All through this period, Democrats were arguing that the public, by large measures, preferred their actual policies — their approaches to education, health care, taxes. Sometime in the ’80s, I sat with House Democratic leader Dick Gephardt as he explained to a roomful of journalists that once voters understood what Democrats were going to do about the high cost of college, health care and housing, electoral success would naturally follow.
Spoiler alert: It didn’t.
Only when Bill Clinton directly repudiated his party’s orthodoxy on crime and welfare did the political tide turn. It was Clinton who promised to “end welfare as we know it.” And his “blue wall” wasn’t a passel of declining industrial states, but the ranks of uniformed cops who stood behind him as he pledged support for the death penalty. Clinton had a Rotary Club cliché for his strategy: “Voters won’t care how much you know unless they know how much you care.”
To be blunt, his positions on crime and welfare, as well as his stern repudiation of the provocative words of a Black rapper named Sister Souljah, were signals — or perhaps dog whistles — that he was prepared to push back against what we would now call the “woke” wing of his own party.
Call it cynical, but what Clinton understood was a root reality of politics: “Culture trumps policy.” A six-point program to make schools better and college more affordable will mean very little if voters believe their neighborhoods are unsafe; and while demagogues will eagerly feed such fears, they will motivate voters only if there is an underlying reality to them. Violent crime in America rose sharply all through the 1960s and 1970s; when it began to recede, as it did from the early ‘90s to two years ago, crime all but disappeared as a political issue. It has resurfaced because in the last year or two, the most violent of crimes — homicide — has resurfaced.
That kind of visceral response to an issue is a perennial “feature” of school board fights. Almost 50 years ago, fights over textbooks in Kanawha County, West Virginia, led to mass boycotts, shootings and the dynamiting of at least one elementary school. Fights over what books should or should not be in school libraries are more or less constant local arguments. Now, the combustible issue of race in America and how to teach about it has quickly become the Republican Party’s issue of choice. And Democrats face a significant challenge in pushing back.

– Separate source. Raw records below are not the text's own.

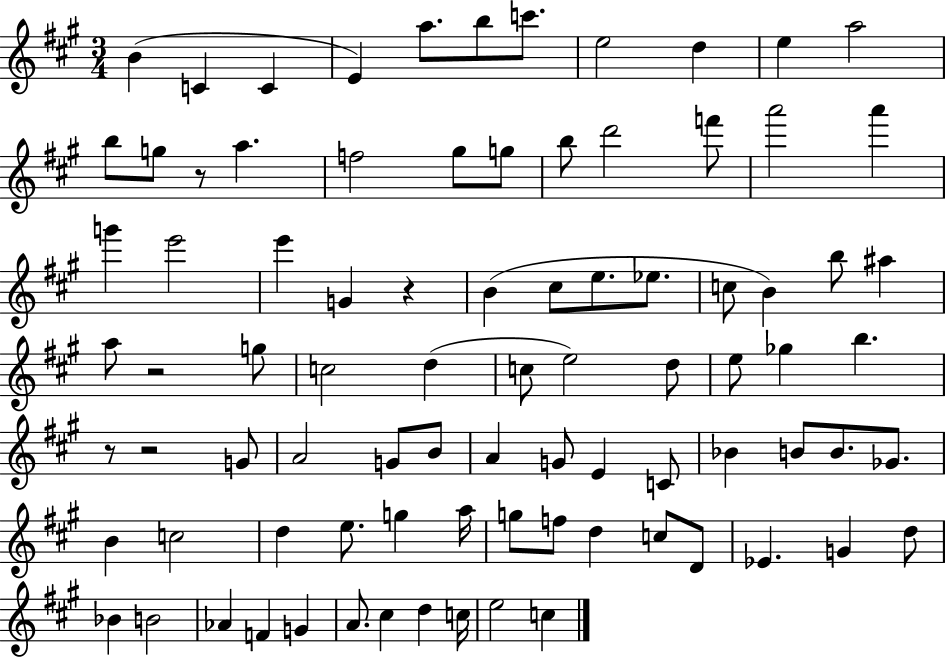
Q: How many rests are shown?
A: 5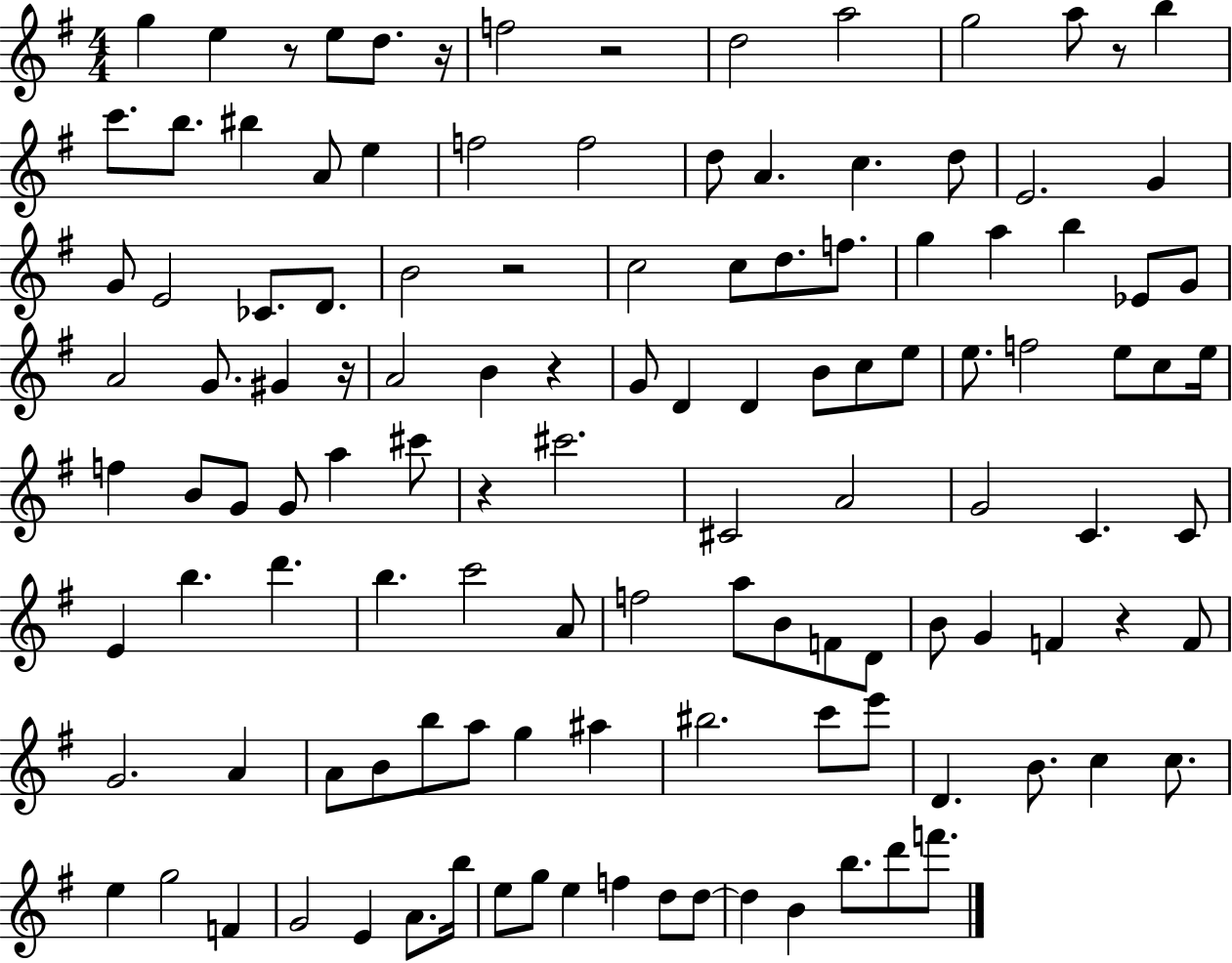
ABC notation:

X:1
T:Untitled
M:4/4
L:1/4
K:G
g e z/2 e/2 d/2 z/4 f2 z2 d2 a2 g2 a/2 z/2 b c'/2 b/2 ^b A/2 e f2 f2 d/2 A c d/2 E2 G G/2 E2 _C/2 D/2 B2 z2 c2 c/2 d/2 f/2 g a b _E/2 G/2 A2 G/2 ^G z/4 A2 B z G/2 D D B/2 c/2 e/2 e/2 f2 e/2 c/2 e/4 f B/2 G/2 G/2 a ^c'/2 z ^c'2 ^C2 A2 G2 C C/2 E b d' b c'2 A/2 f2 a/2 B/2 F/2 D/2 B/2 G F z F/2 G2 A A/2 B/2 b/2 a/2 g ^a ^b2 c'/2 e'/2 D B/2 c c/2 e g2 F G2 E A/2 b/4 e/2 g/2 e f d/2 d/2 d B b/2 d'/2 f'/2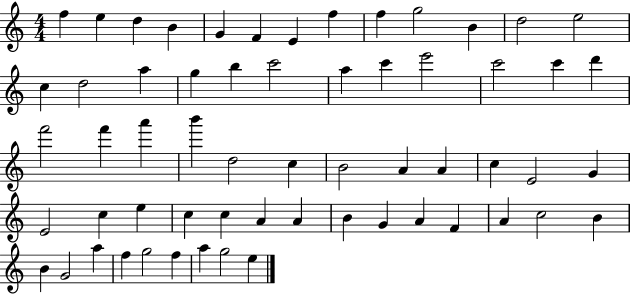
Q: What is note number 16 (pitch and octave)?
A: A5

On the one hand, there are clear and compelling arguments to be made for teaching kids very directly about the nation’s scarred past. Texas children ought to know that the original constitution of the Republic of Texas protected slavery and barred Indians and “Africans” from becoming citizens. New York children ought to learn that suburban developments barred Black people from buying homes.

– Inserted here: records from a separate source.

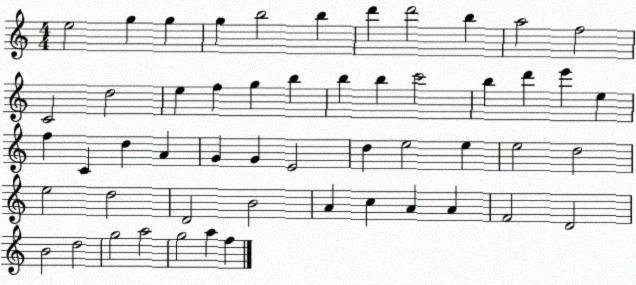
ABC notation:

X:1
T:Untitled
M:4/4
L:1/4
K:C
e2 g g g b2 b d' d'2 b a2 f2 C2 d2 e f g b b b c'2 b d' e' e f C d A G G E2 d e2 e e2 d2 e2 d2 D2 B2 A c A A F2 D2 B2 d2 g2 a2 g2 a f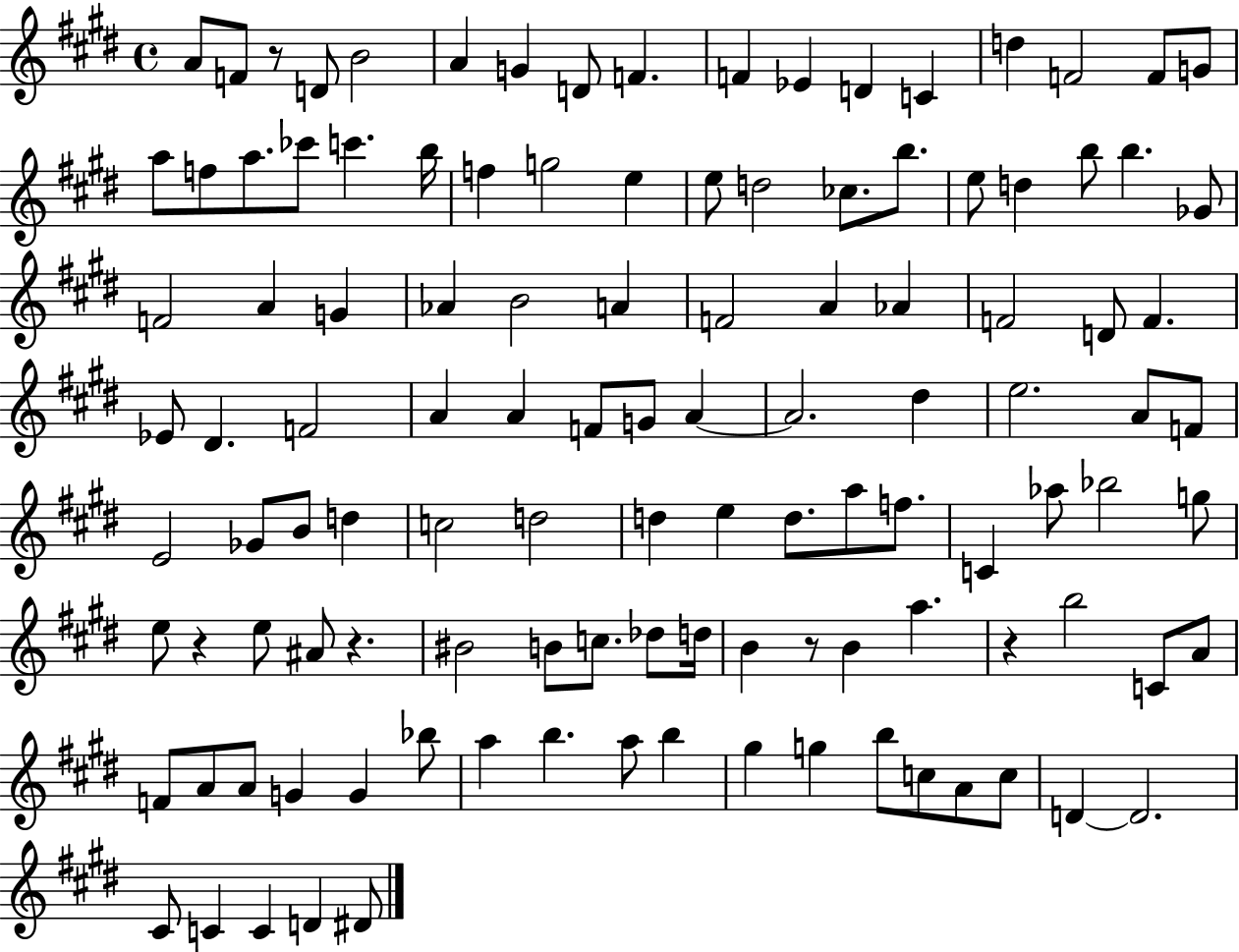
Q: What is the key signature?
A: E major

This is not “critical race theory” — an academic concept not taught in elementary or high schools. It’s just history. But some of the premises of that theory have in fact gained currency — for instance, the idea that certain widely admired attributes are rooted in “whiteness.” It’s not hard to pump up the fears of conservative or moderate white suburban parents that such a critique amounts to an attack on some basic, and seemingly colorblind, American values.
What makes all this so maddening for Democrats is that there is plenty of evidence that Black voters themselves don’t widely share such views, any more than they support the “defund the police” campaigns of last year. Eric Adams, New York City’s next mayor and Jim Clyburn, House Democratic whip, have pushed back strongly against them.
For Democrats, one lesson of Virginia may well be that their candidates in 2022 and 2024 — most definitely including Biden — will need to find ways to position themselves loudly and clearly against these views, every bit as much as the party needs to push back against the tsunami of lies from GOP candidates that will be unleashed about what and how our nation’s children are being taught. This creates the risk of another “Sister Souljah” moment, in which Bill Clinton alienated a generation of Black voters even while cementing the coalition he needed to win.
Right now, the mainstream of the national Democratic Party is still overwhelmingly focused on policy, not culture. They’re trying to govern, which is the job they were elected to do. But at some point they’ll need to start campaigning again, and if Democrats believe that the passage of an infrastructure program and a large social spending bill will provide the ammunition to repel a new GOP-launched culture war, they are deluding themselves. If you weigh the concerns of parents with their kids’ education against a subsidy for electric cars, or a better rail system some years down the line, the scales will tip pretty heavily to one side.
For Republicans, the signal from Virginia is very clear. The party is already marshaling the troops for the next culture war. The next three years may be a time of scorched earth in America’s towns and suburbs. And Democrats, if they want to win, cannot be conscientious objectors.